In ’06 a three-year old show he did for Bravo! was re-released on DVD as part of the Much More Retro’s “Live at the Rehearsal Hall” series. Along with all his biggest hits performed live, the DVD also included three music videos previously unreleased. That same year, he announced his candidacy for the leadership of the Liberal Party of Canada, and naturally denied it was a publicity stunt. Three months later he announced his withdrawal from the race.

His self-titled 2007 album was met with slightly more critical favour than its predecessor, toned down and a little more accessible. Songs like the lead-off “Cello Song” with its fiddle solo, “Mull of Kintyre,” and the Gaelic chorus on “To America We Go” had MacIsaac going back to his roots to a degree. But the record was still another attempt at the pop world, fusing traditional Maritime melodies with a more mainstream approach. “Lay Me Down” is power ballad that highlights his vocal stylings, as was the case with the power pounding “I Don’t Need This.”

THE BEST OF ASHLEY MACISAAC followed in ’08, and in 2010, MacIsaac wrote the single, “Dreams,” the proceeds of which were given to Kwame Nkrumah-Acheampong, the first Ghanaian athlete (skier) ever to compete in the Winter Olympics. Along with other supporting musicians, Nkrumah-Acheampong himself participated in the recording, playing traditional percussion from his native land. MacIsaac also performed it when he was on stage at the opening ceremonies for the 2010 Olympic Games in Vancouver.
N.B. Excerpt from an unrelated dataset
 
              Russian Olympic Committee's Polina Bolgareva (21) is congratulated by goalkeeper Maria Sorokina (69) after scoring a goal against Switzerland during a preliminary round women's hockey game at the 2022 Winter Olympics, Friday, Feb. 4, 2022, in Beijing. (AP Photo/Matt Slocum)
Without a label, he formed his own So Plaid Music Group, and released his new album, CROSSOVER, in the fall of 2011. It was highlighted by a re-energized artist ready to return to his roots, albeit with a focus of gaining a bigger share of the mainstream audience in mind. “King Is Back” was filled with bar-room styled piano riffs, “Looking Glass,” “My CB Home,” and “D-Troi-D” were heralded by the critics for the fiddle worked in between the guitar solos, and the album was generally well-received, but still failed to reach the gold plateau.